*Records from a dataset:*
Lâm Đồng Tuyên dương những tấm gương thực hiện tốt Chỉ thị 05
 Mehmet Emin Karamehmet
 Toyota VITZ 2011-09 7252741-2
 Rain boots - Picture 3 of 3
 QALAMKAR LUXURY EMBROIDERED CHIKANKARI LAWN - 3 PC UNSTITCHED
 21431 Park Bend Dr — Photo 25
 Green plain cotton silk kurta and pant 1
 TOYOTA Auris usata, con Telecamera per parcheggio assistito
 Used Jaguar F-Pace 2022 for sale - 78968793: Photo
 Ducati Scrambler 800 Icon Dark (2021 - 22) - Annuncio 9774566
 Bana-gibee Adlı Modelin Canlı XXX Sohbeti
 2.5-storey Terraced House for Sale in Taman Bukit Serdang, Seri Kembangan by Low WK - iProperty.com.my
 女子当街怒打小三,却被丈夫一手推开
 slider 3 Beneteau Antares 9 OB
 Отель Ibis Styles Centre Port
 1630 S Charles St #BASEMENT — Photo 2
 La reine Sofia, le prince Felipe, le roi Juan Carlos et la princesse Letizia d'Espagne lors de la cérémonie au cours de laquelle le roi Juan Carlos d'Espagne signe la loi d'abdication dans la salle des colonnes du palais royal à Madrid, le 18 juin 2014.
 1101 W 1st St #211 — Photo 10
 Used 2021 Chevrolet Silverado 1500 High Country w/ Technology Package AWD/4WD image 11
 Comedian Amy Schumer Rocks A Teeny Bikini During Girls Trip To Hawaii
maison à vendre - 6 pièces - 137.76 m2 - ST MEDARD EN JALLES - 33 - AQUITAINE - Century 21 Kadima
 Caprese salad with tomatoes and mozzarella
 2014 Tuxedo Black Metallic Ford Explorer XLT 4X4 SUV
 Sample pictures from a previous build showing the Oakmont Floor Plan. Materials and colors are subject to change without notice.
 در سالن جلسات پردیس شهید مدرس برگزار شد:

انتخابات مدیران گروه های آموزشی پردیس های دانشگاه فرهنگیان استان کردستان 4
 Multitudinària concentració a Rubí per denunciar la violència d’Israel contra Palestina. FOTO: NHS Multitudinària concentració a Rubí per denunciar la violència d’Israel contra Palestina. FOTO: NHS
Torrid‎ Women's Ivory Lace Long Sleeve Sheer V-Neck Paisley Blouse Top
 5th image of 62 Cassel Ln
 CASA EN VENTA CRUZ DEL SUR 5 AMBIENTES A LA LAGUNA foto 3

*Task brief:*
Once the line with "Used 2021 Chevrolet" is found in the records above, print exactly that line and every line after it through the line with "در سالن جلسات".

*Output for this exercise:*
 Used 2021 Chevrolet Silverado 1500 High Country w/ Technology Package AWD/4WD image 11
 Comedian Amy Schumer Rocks A Teeny Bikini During Girls Trip To Hawaii
maison à vendre - 6 pièces - 137.76 m2 - ST MEDARD EN JALLES - 33 - AQUITAINE - Century 21 Kadima
 Caprese salad with tomatoes and mozzarella
 2014 Tuxedo Black Metallic Ford Explorer XLT 4X4 SUV
 Sample pictures from a previous build showing the Oakmont Floor Plan. Materials and colors are subject to change without notice.
 در سالن جلسات پردیس شهید مدرس برگزار شد:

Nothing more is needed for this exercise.